I waited, and nothing happened. McCarthy, I said, had attacked the USIA hard. Were the effects still there? "The McCarthy scars are still there, though receding," Murrow said, after the customary silence. "It takes a long while to re-establish confidence, to have candid reporting without fear that someday you won't be victimized for it. Once you create a confusion between dissent and disloyalty it takes a long time to get the difference straight again."

Murrow refused to say if, or on what issues, he had dissented since coming to Washington. "The difference between now and the old days is that when I dissent I do it in private." We turned to a discussion of the American image. I asked if it was difficult conveying that image abroad and Murrow said it was. "We're handicapped in being a very complex society that takes a high degree of literacy to understand. The system is tough to explain, a fact we must accept."

I remembered a line from a book, Image of America, by a French Dominican priest and an authority on international affairs, Father R. L. Bruckberger, who said, ". . . the greatest fault you have . . . is the inability to make yourselves known for what you are. Americans, you are not easy to understand, and perhaps for that very reason you are hard to love." I asked Murrow if it was true that Americans are not very well loved in many places.

"Yes, in some places we do have an unfavorable image.
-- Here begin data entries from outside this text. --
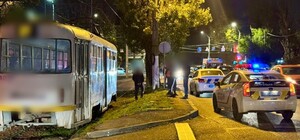 В Одессе трамвай наехал на мужчину: что с потерпевшим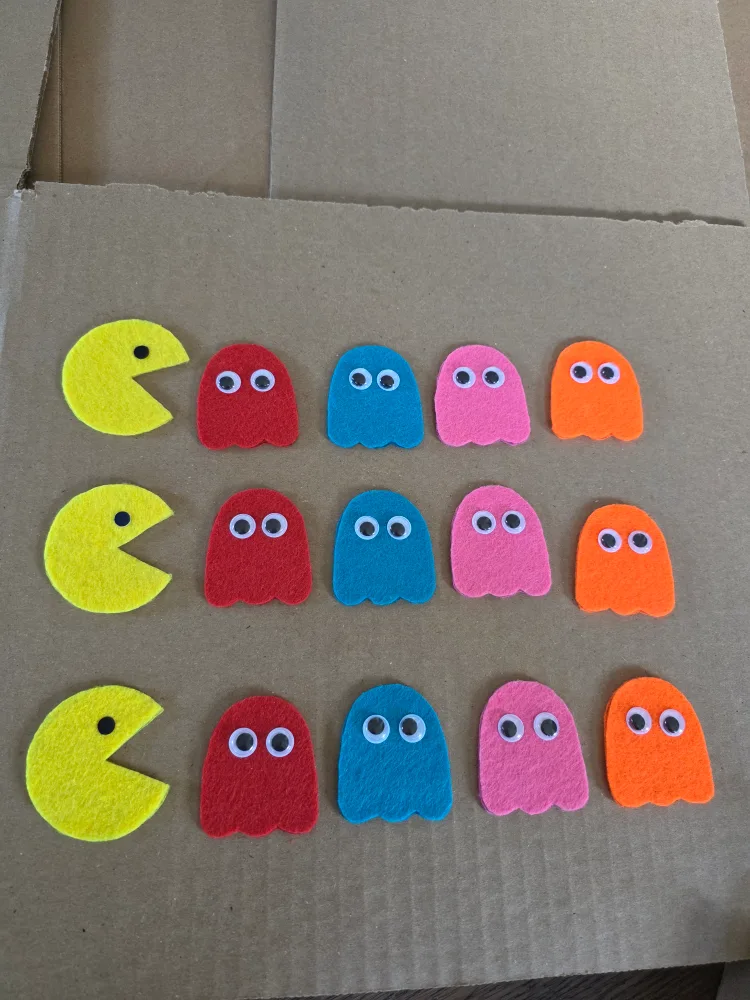 Handmade Pac-Man & Ghost Felt Appliqués image indicator(4)
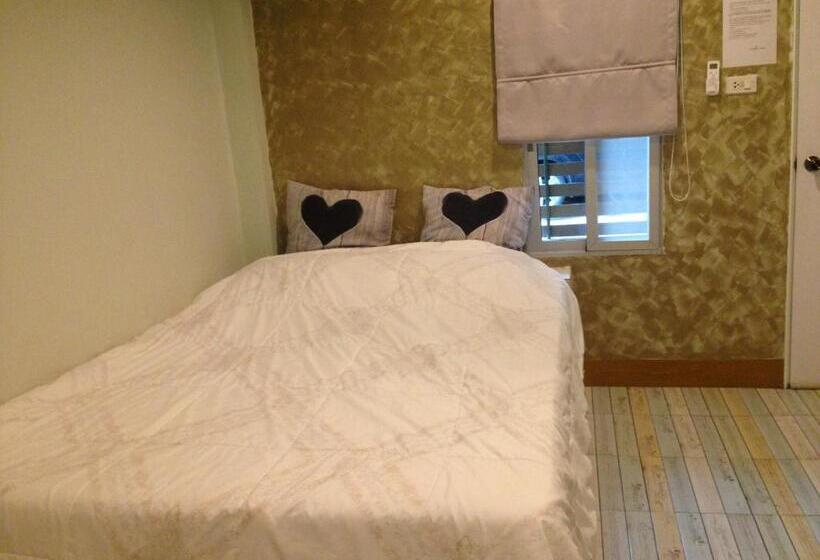 הוסטל Rada Phan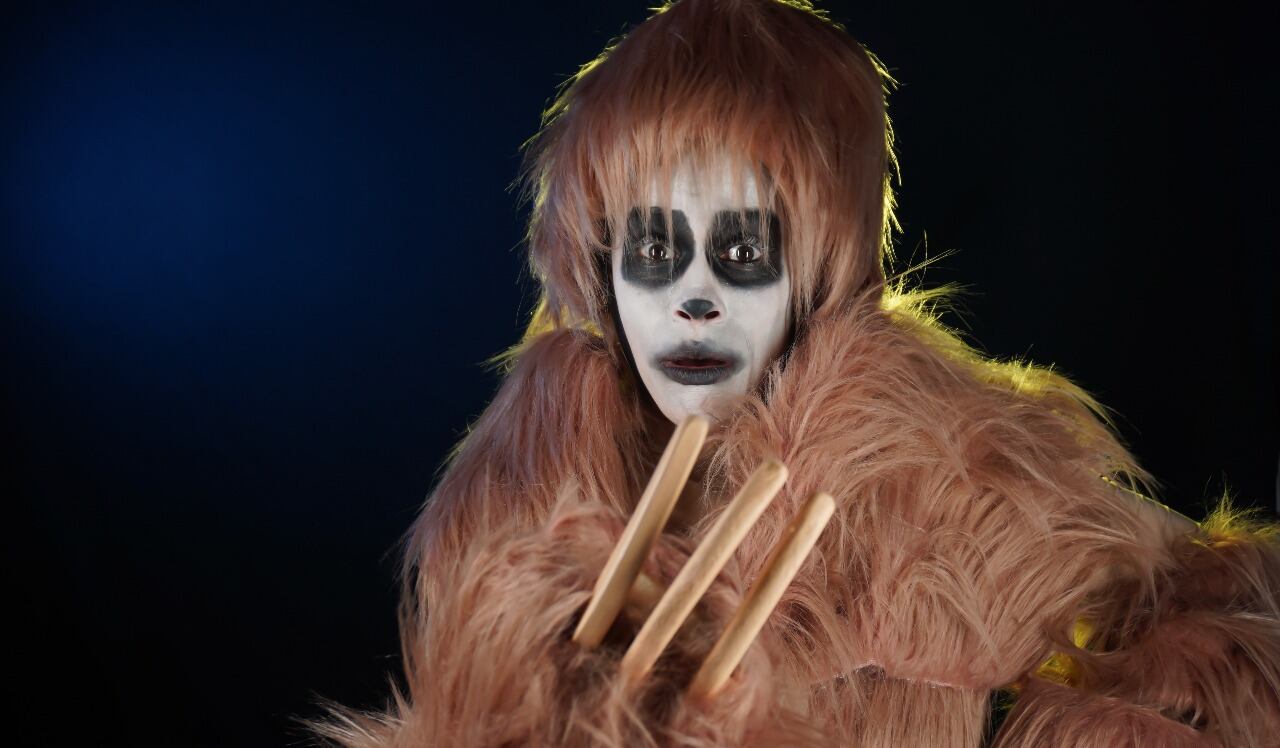 Se incluye una perezosa como personaje local que ayuda a Hansel y Gretel.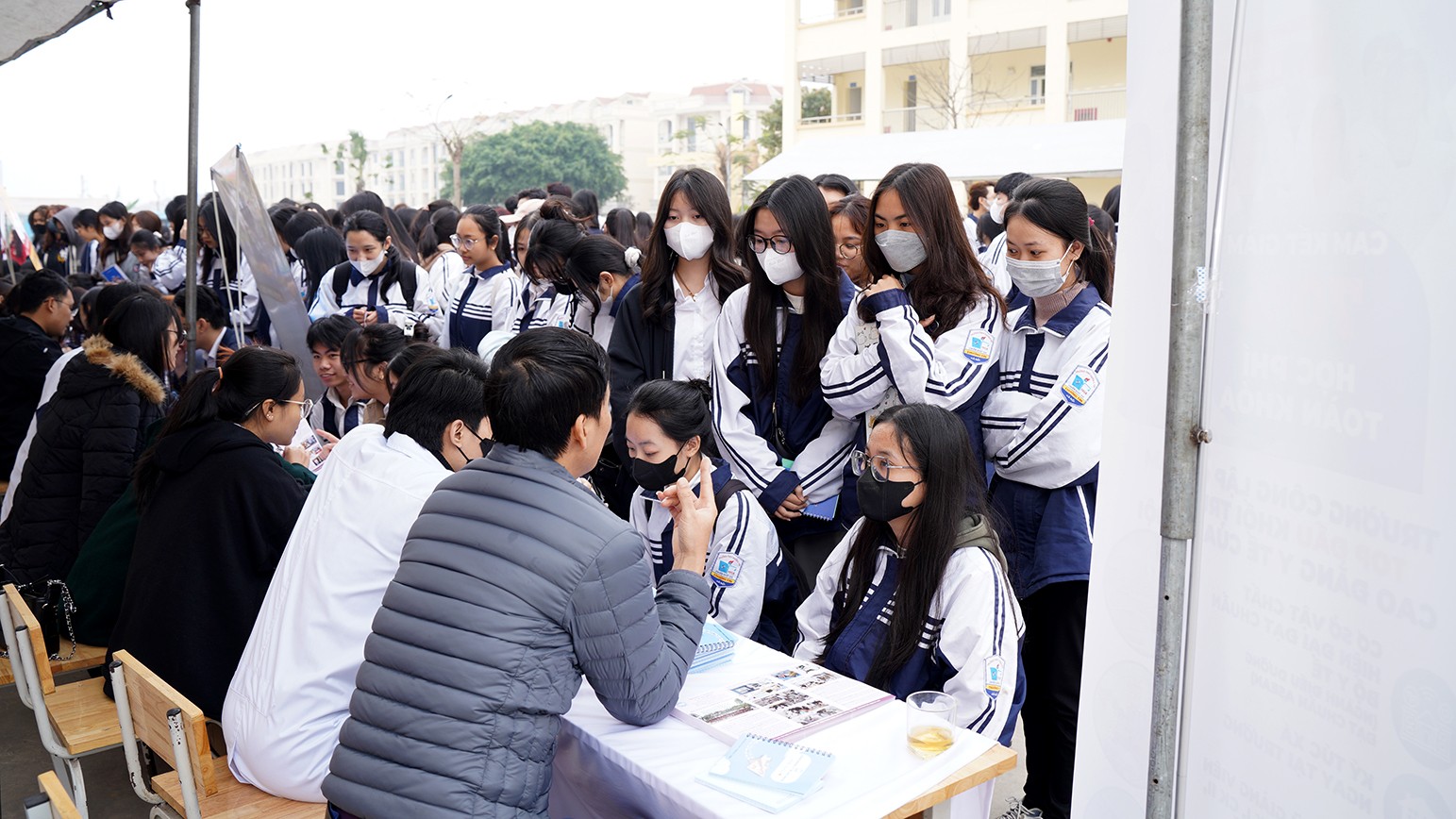 Hỗ trợ, đồng hành cùng học sinh chọn đúng ngành, nghề Hỗ trợ, đồng hành cùng học sinh chọn đúng ngành, nghề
It's partly, as I said, that the system is hard to explain. Part of it is the price a country pays for having great power. Part of it is because of a certain image of ourselves that comes from movies, TV, and printed money which gives a distorted picture of crime, violence and sex, as though those are really all we have. And part of it is due to the picture which some people have of this being a 19th century capitalist operation, which, of course, it isn't."

Did he think, as some have said, that the country lacked dynamic ideas? "No," Murrow said. "We have our basic and revolutionary goals in our documents, such as the Constitution and the Declaration of Independence. This nation has never been allergic to change. Ours was the first of the great modern revolutions and it's a birthright we can't let go by default. The United States should offer its experience and energies to the world."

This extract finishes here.